==== PROVIDED ENTRIES

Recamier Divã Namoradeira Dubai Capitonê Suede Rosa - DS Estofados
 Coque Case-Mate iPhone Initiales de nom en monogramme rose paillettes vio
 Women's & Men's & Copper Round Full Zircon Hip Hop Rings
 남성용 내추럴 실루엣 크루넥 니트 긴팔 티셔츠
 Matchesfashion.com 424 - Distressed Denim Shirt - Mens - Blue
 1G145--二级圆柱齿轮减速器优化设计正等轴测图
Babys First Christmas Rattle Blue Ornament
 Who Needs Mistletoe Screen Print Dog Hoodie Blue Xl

========

- [THE PROBLEM]
The answer consists only of the lines from the one containing "Women's & Men's" to the end of the records, each written out exactly.

- [SOLUTION TO THIS TASK]
 Women's & Men's & Copper Round Full Zircon Hip Hop Rings
 남성용 내추럴 실루엣 크루넥 니트 긴팔 티셔츠
 Matchesfashion.com 424 - Distressed Denim Shirt - Mens - Blue
 1G145--二级圆柱齿轮减速器优化设计正等轴测图
Babys First Christmas Rattle Blue Ornament
 Who Needs Mistletoe Screen Print Dog Hoodie Blue Xl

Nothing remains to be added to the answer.